The problem: In the records below, reproduce exactly the lines from the one containing "Giant Bubble Maker at a town community event" through the one containing "Cycling Jersey Sets France", both included, and omit the pictures.

(Listed entries Opens)

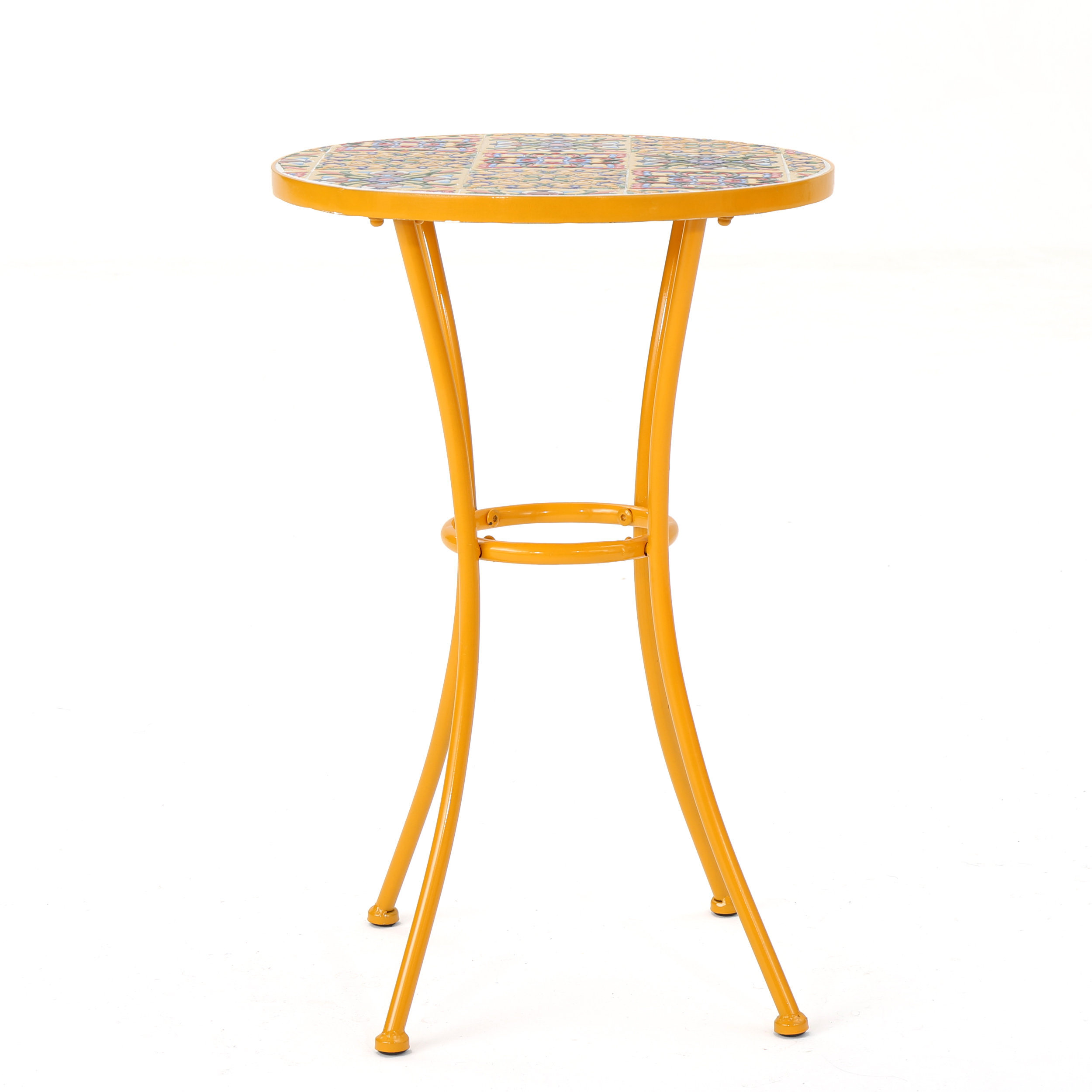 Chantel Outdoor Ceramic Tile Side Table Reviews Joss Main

(Listed entries Closes)
(Listed entries Opens)

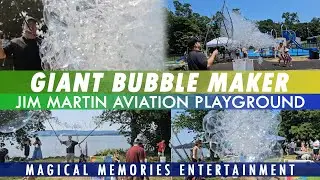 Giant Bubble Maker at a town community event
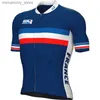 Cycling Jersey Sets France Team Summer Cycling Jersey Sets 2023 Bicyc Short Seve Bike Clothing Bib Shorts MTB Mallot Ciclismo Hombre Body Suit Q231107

(Listed entries Closes)

Completed task:
 Giant Bubble Maker at a town community event
 Cycling Jersey Sets France Team Summer Cycling Jersey Sets 2023 Bicyc Short Seve Bike Clothing Bib Shorts MTB Mallot Ciclismo Hombre Body Suit Q231107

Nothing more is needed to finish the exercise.